=== Problem to work on ===
Omit every picture, then return the listing verbatim.

=== Records supplied ===
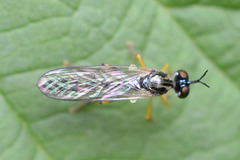 Dioctria linearis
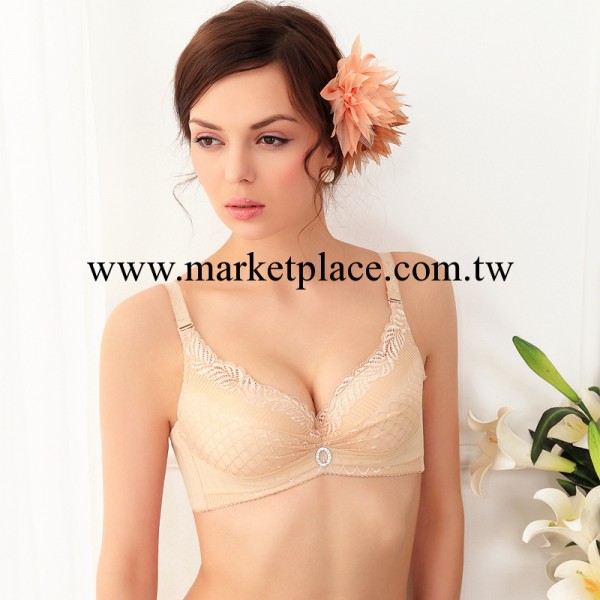 黛安芬夢醉霓秀系列18Y122調整聚攏型時尚胸罩 一件代發 免費代理工廠,批發,進口,代購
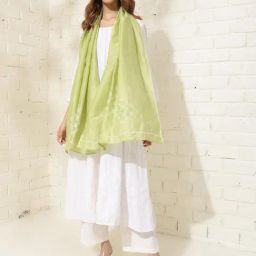 Fabindia Sage Green Embroidered Dupatta-image-63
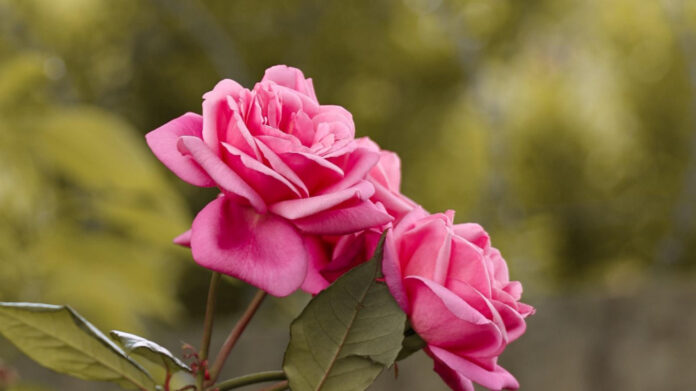 Captivating Lyrics: George Strait’s Soulful ‘You Look So Good in Love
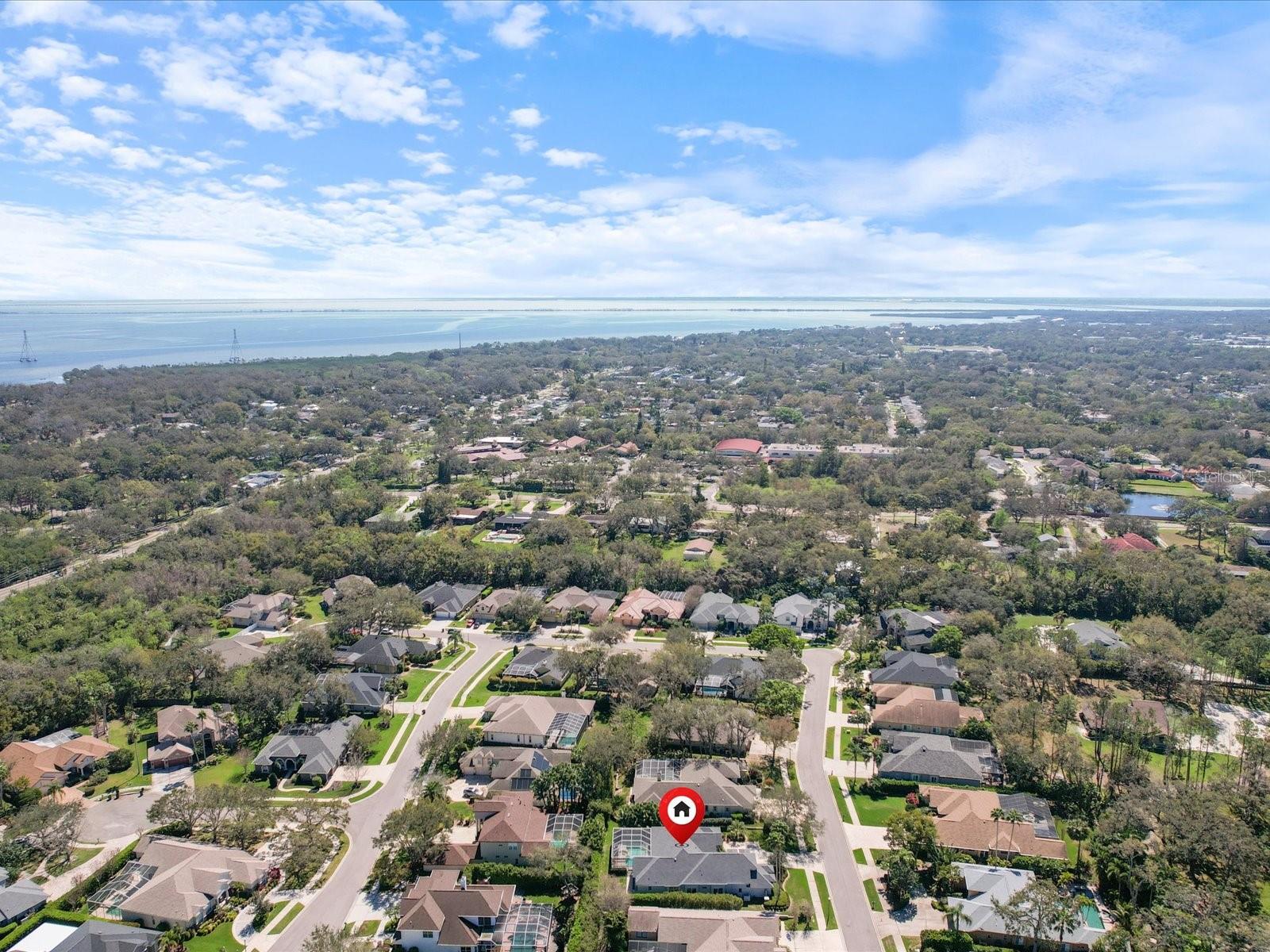 223 HIGHLAND WOODS DR, SAFETY HARBOR, FL, 34695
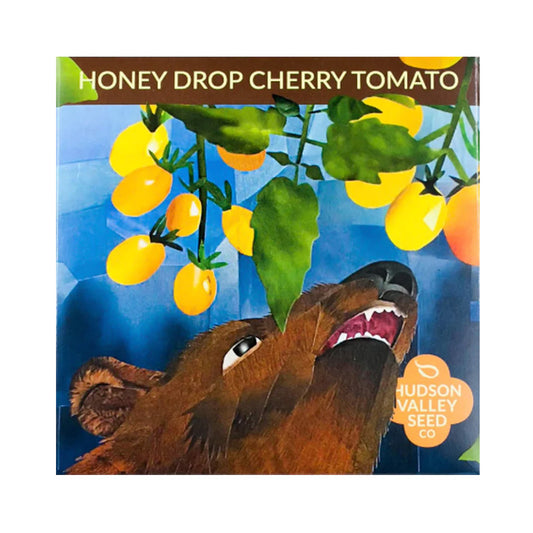 Artfully designed Seed Pack for Honey Drop Cherry Tomatoes, Depicting a brown bear eating a golden harvest 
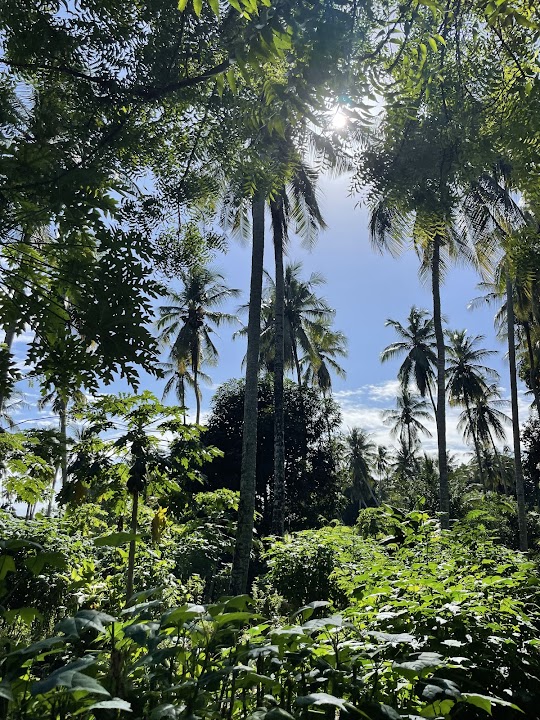 Msonge Family Organic Farm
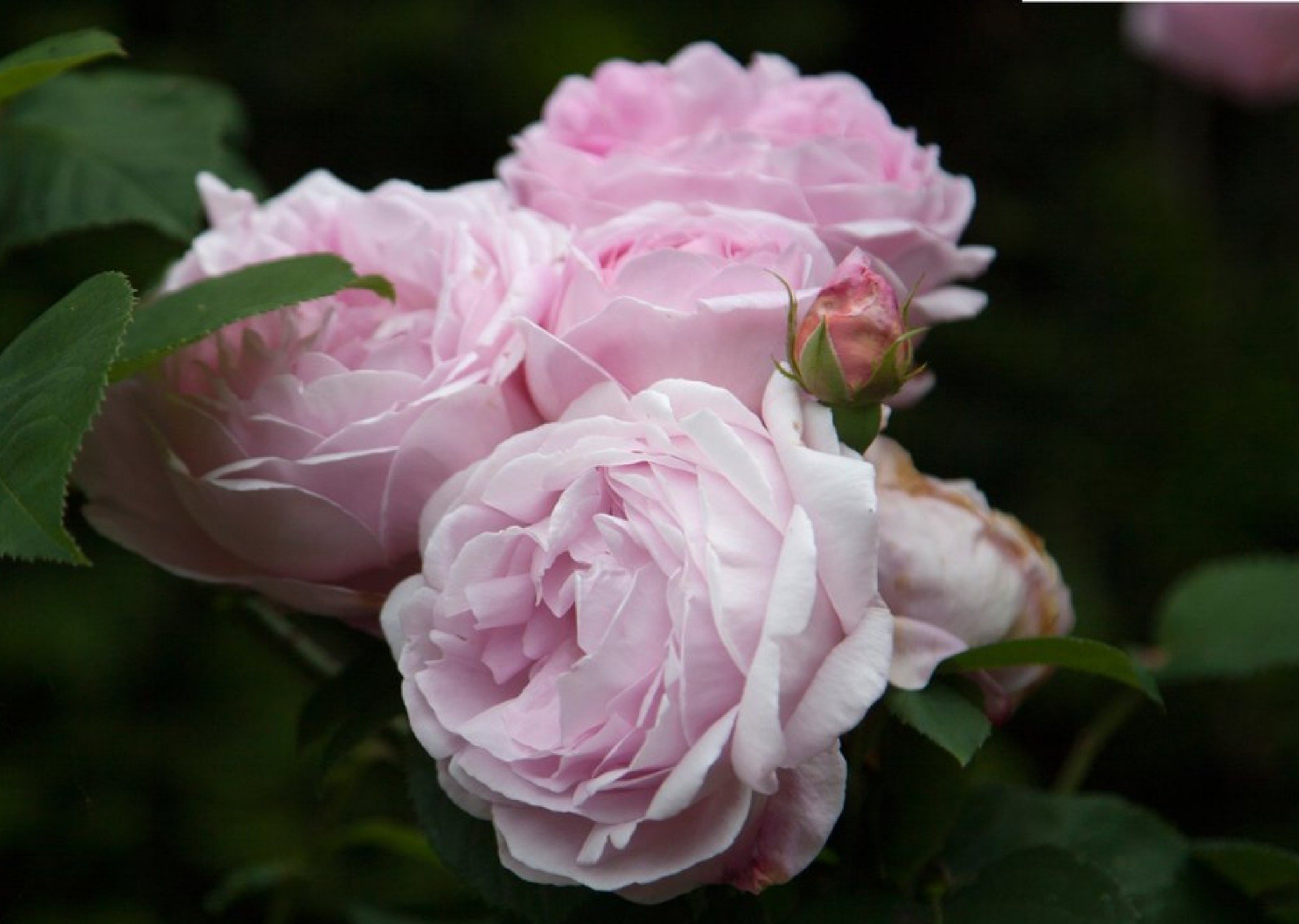 Photo Of Pink Roses Flowers Card Ecard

=== Answer for this exercise ===
 Dioctria linearis
 黛安芬夢醉霓秀系列18Y122調整聚攏型時尚胸罩 一件代發 免費代理工廠,批發,進口,代購
 Fabindia Sage Green Embroidered Dupatta-image-63
 Captivating Lyrics: George Strait’s Soulful ‘You Look So Good in Love
 223 HIGHLAND WOODS DR, SAFETY HARBOR, FL, 34695
 Artfully designed Seed Pack for Honey Drop Cherry Tomatoes, Depicting a brown bear eating a golden harvest 
 Msonge Family Organic Farm
 Photo Of Pink Roses Flowers Card Ecard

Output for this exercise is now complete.